The grieving family had been escorted slowly and with dignity and difficulty, from the “holding stall” to the chapel. The area where local Greek Orthodox funerals originate reminds me of a less-than-dirty but far-from-clean, over-used, cattle stall; built with no doors on one end and open to the elements, families collect there, the room dominated by a simple, fiber-board casket. They grieve publicly and often loudly, while others stand around and watch, with a few self-designated persons close-by to provide support. Friends have, of course, already been to the home of the deceased, but now, they arrive, as if for the first time, to hug the loved ones again and to hold on more tightly to each other.
When those in charge declare that it is “time,” the priest leads the procession out into the weather, walking slowly toward the chapel. They follow the casket and pass by many similar “stalls,” built, in anticipation of those days, like this one, when funerals are scheduled back-to-back. The other “stalls” are filled with mourners of yet others, waiting their turn for the brief, Greek Orthodox funeral service in the cemetery chapel on a hillside on the outskirts of Piraeus, Greece, the port town adjacent to Athens.

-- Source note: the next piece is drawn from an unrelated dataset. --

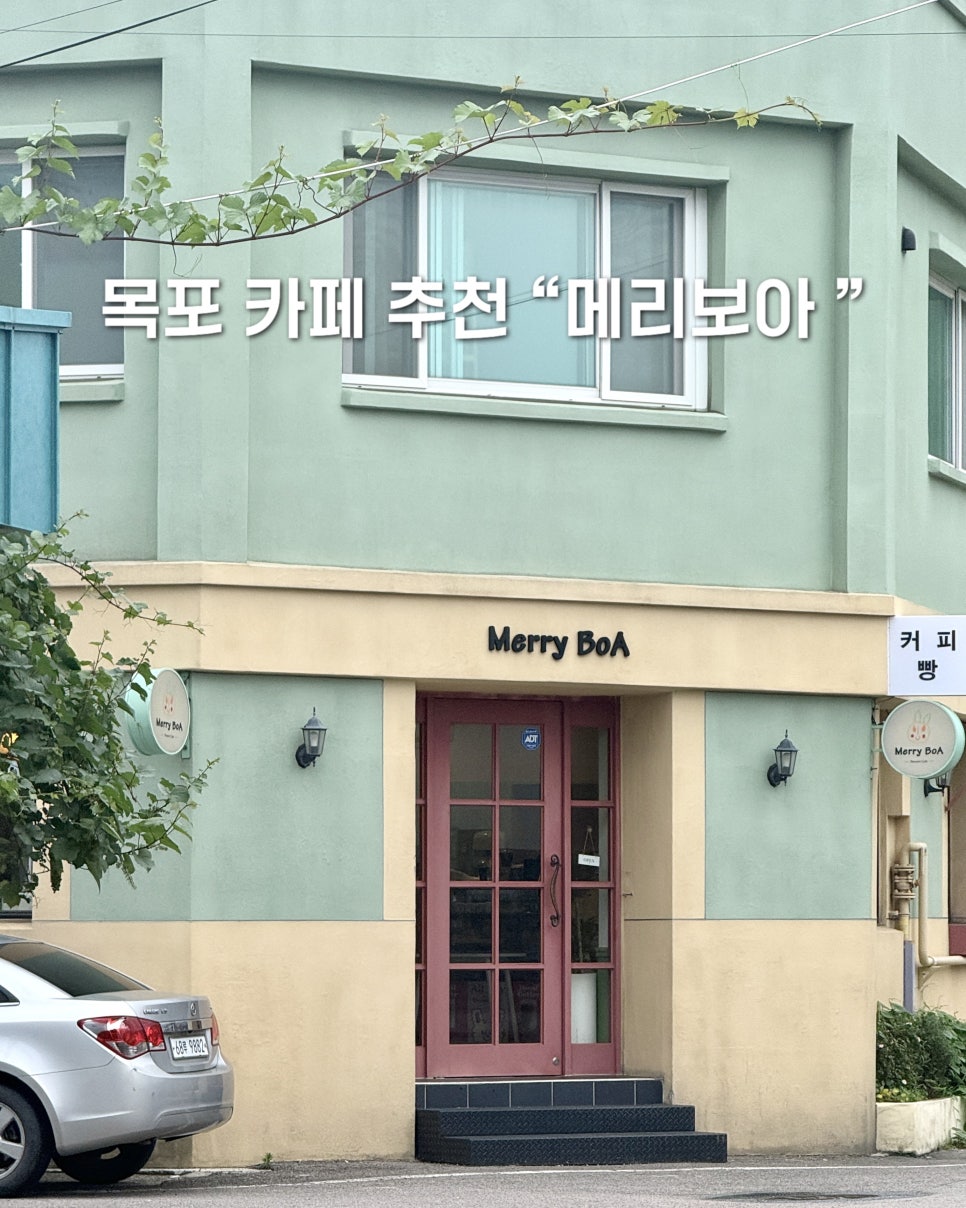 메리보아 사진 1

After a stylized Greek Orthodox liturgy with little if any mention of the deceased, much repetition and some mellifluous male chanting, the family passes, one last time, by the now-open casket. In a typical Greek Orthodox funeral ceremony, the lips of the deceased may be kissed, but those on the icon of Jesus are most definitely kissed.
As Janice and I stood outside the chapel, awaiting that long, rocky walk, up and around to the open gravesite, a mangy, pitiful-looking, street dog proudly walked up. Sensing who was in charge, he ambled over to the Greek Orthodox priest. As a minister who has shared many unexpected happenings in the pursuit of serious reverential duty, I watched with interest, to see what the clergy person would do.
He kept his ministerial dignity. He never bent his silk-robe-covered body. From behind his full beard and beneath his pointed hat, a most loving and warm smile nearly broke forth and made its presence known to us. Holding a formal, black umbrella and a somber expression, both the seasoned holy man’s protection against the “worst case,” the priest gently rubbed the dog’s back and neck. The tip of the umbrella seemed to carry with it sacred oil, magical incense and the stuff of blessing. For a few moments, while the family reassembled for the final procession, the weary old dog willingly received the priestly blessing and seemed, somehow, lighter on his feet.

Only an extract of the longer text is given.